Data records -
++++++

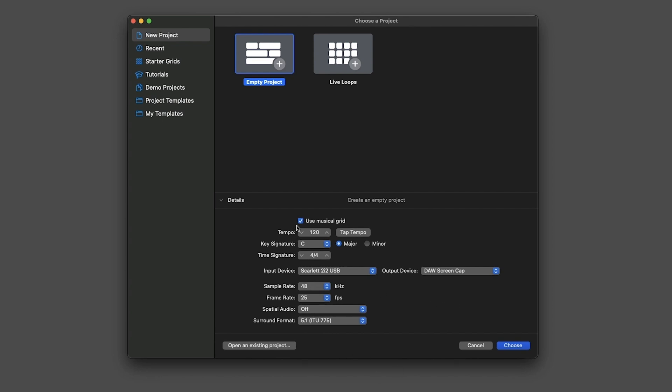So tick on Use Musical Grid. That will have your bars be divided into note values - so quarter notes, eighth notes, whatever you want. Now you can type a tempo, or you can simply just use the arrows, or click and drag, or you can just simply tap it.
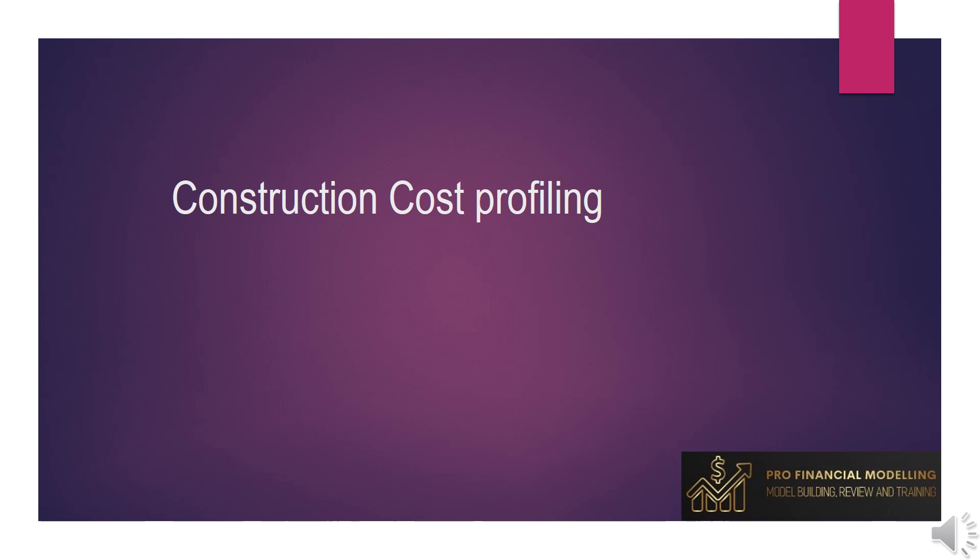Hi everyone, in this video we will forecast the construction cost across the construction period. Let's move to next slide.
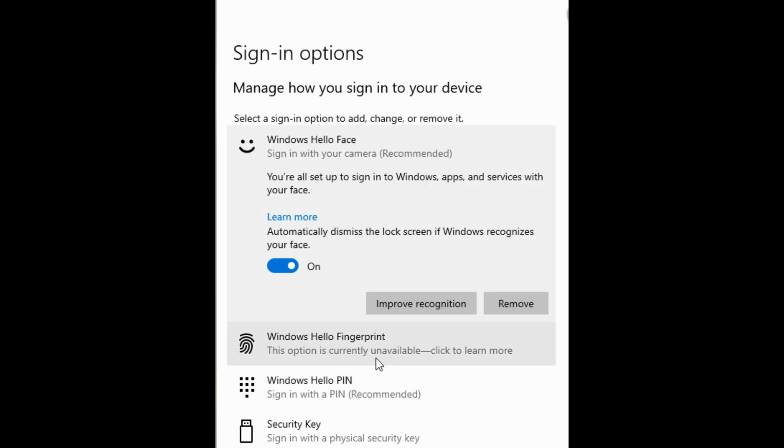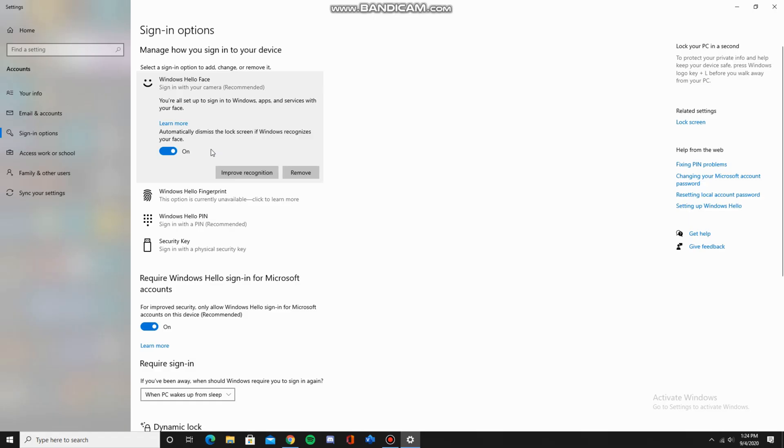Now once you get to this page if it says this option is currently unavailable, click to learn more under Windows Hello face. All you have to do is restart your computer and go to this page again. Also if Windows Hello isn't working like you want it to.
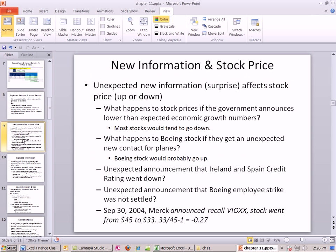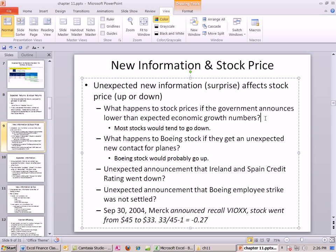New information and stock price: unexpected new information — a surprise — affects stock price up or down. What happens if the government announces lower-than-expected economic growth numbers? If you watch the news at all, you hear about this all the time. Some new government number comes out, and in that case most stocks would tend to go down. Lower economic growth numbers, stocks tend to go down.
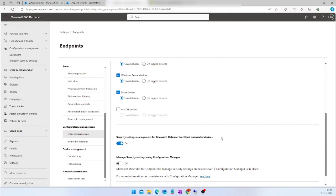You can also use this Security Settings Management for your Defender for Cloud onboarded devices. For example, if you are running devices in AWS, Google Cloud Platform, or even on-premises, and you want to onboard those servers and manage the policies in the Defender portal, you can do this by turning on this feature.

++++++

What the task asks - The answer must consist solely of the lines from the first line of the data through the line containing "New information and", inclusive, reproduced exactly and without pictures.

Result of this exercise -
So tick on Use Musical Grid. That will have your bars be divided into note values - so quarter notes, eighth notes, whatever you want. Now you can type a tempo, or you can simply just use the arrows, or click and drag, or you can just simply tap it.
Hi everyone, in this video we will forecast the construction cost across the construction period. Let's move to next slide.
Now once you get to this page if it says this option is currently unavailable, click to learn more under Windows Hello face. All you have to do is restart your computer and go to this page again. Also if Windows Hello isn't working like you want it to.
New information and stock price: unexpected new information — a surprise — affects stock price up or down. What happens if the government announces lower-than-expected economic growth numbers? If you watch the news at all, you hear about this all the time. Some new government number comes out, and in that case most stocks would tend to go down. Lower economic growth numbers, stocks tend to go down.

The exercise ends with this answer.